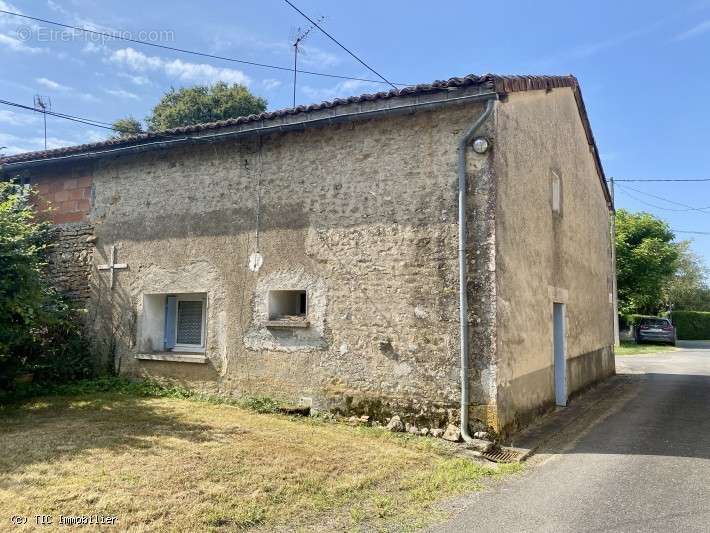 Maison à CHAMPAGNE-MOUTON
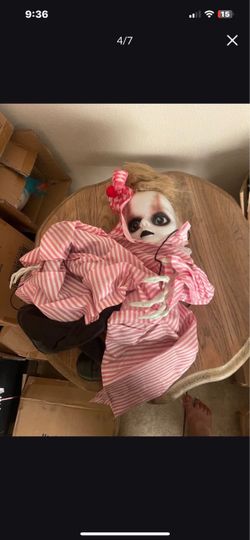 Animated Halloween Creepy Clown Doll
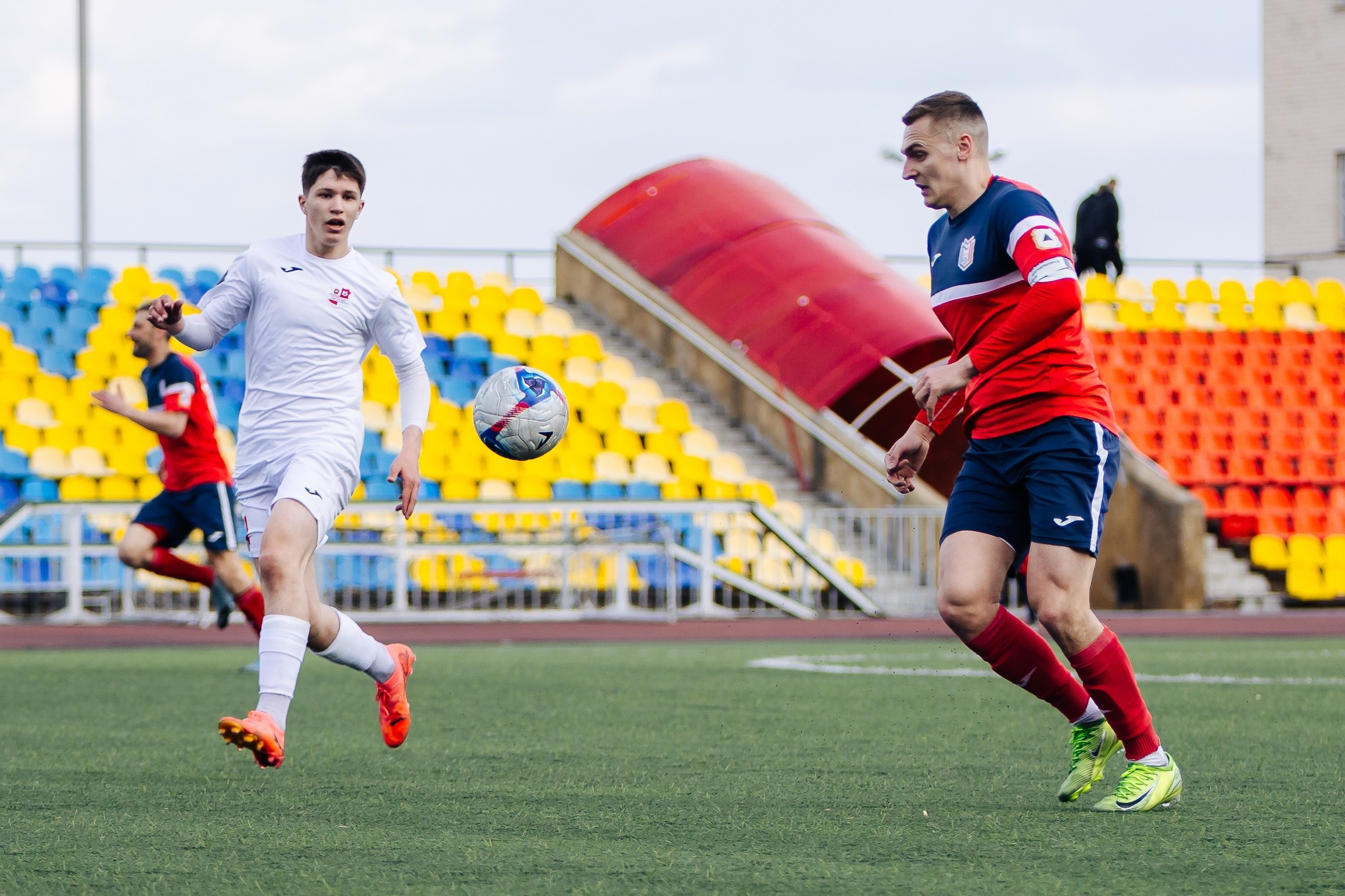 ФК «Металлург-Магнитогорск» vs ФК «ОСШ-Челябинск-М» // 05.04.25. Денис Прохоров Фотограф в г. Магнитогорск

TASK DESCRIPTION - The output has to match the data above line for line, except that pictures are dropped.

REPLY -
 Maison à CHAMPAGNE-MOUTON
 Animated Halloween Creepy Clown Doll
 ФК «Металлург-Магнитогорск» vs ФК «ОСШ-Челябинск-М» // 05.04.25. Денис Прохоров Фотограф в г. Магнитогорск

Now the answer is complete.